The United
Nations' atomic watchdog agency confirmed Thursday that Iran has informed it
that the country has begun installing equipment for the production of uranium
metal, which would be another violation of the landmark nuclear deal with world
powers.
Iran maintains
its plans to conduct research and development on uranium metal production are
part of its “declared aim to design an improved type of fuel,” the Vienna-based
International Atomic Energy Agency said.
Uranium metal
can also be used for a nuclear bomb, however, and research on its production is
specifically prohibited in the so-called Joint Comprehensive Plan of Action
signed with world powers in 2015.
The ultimate
goal of the deal is to prevent Iran from developing a nuclear bomb, something
Iran insists it does not want to do.
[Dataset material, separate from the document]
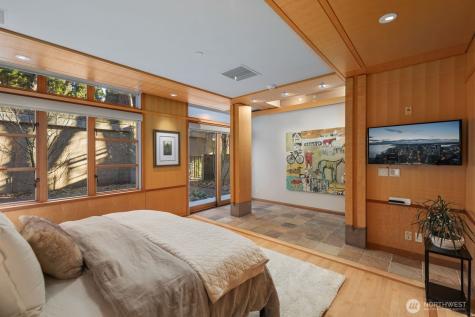 5505 Lake Washington Boulevard NE Kirkland WA 98033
Iran now has enough enriched uranium to
make a bomb, but nowhere near the amount it had before the nuclear deal was
signed.
IAEA inspectors
visited the Isfahan plant where Iran has said it plans to conduct the research
on Jan. 10, and officials were informed by Tehran on Jan. 13 that “modification
and installation of the relevant equipment for the mentioned R&D activities
have been already started," the agency said.
Iran's ambassador
to the IAEA, Kazem Gharibabadi, repeated that in a tweet on Wednesday, adding
that “natural uranium will be used to produce uranium metal in the first
stage.”
He told Iran's
official news agency IRNA that the move will elevate Iran to the level of
“progressive nations in production of new fuels.”
It was the
latest in a string of violations of the JCPOA that Iran has undertaken since
President Donald Trump pulled the United States unilaterally out of the deal in
2018, saying it needed to be re-negotiated.
Tehran has been
using the violations to put pressure on the other signatories — Britain,
France, Germany, China and Russia — to provide more incentives to Iran to
offset crippling American sanctions reimposed after the US exited the deal.
President-elect
Joe Biden, who was vice president when the JCPOA was negotiated, has said he
hopes to return the US to the deal.
Britain, France
and Germany said last week, however, that Iran “risks compromising” chances of
diplomacy with Washington after Tehran announced another violation — that it
was starting to enrich uranium to 20% purity, a technical step away from
weapons-grade levels of 90%.
The foreign
ministers of the three European nations said in a joint statement then that the
Iranian activity “has no credible civil justification.”
They said the
enrichment was a clear violation of the deal and “further hollows out the
agreement.”
Germany's
Foreign Ministry had no immediate comment Thursday, but the announcement on the
production of uranium metal now further complicates trying to get Washington
back on board, according to The Associated Press.
Those working to save the deal also note that despite the violations,
Iran continues to allow inspectors to access all sites in the country.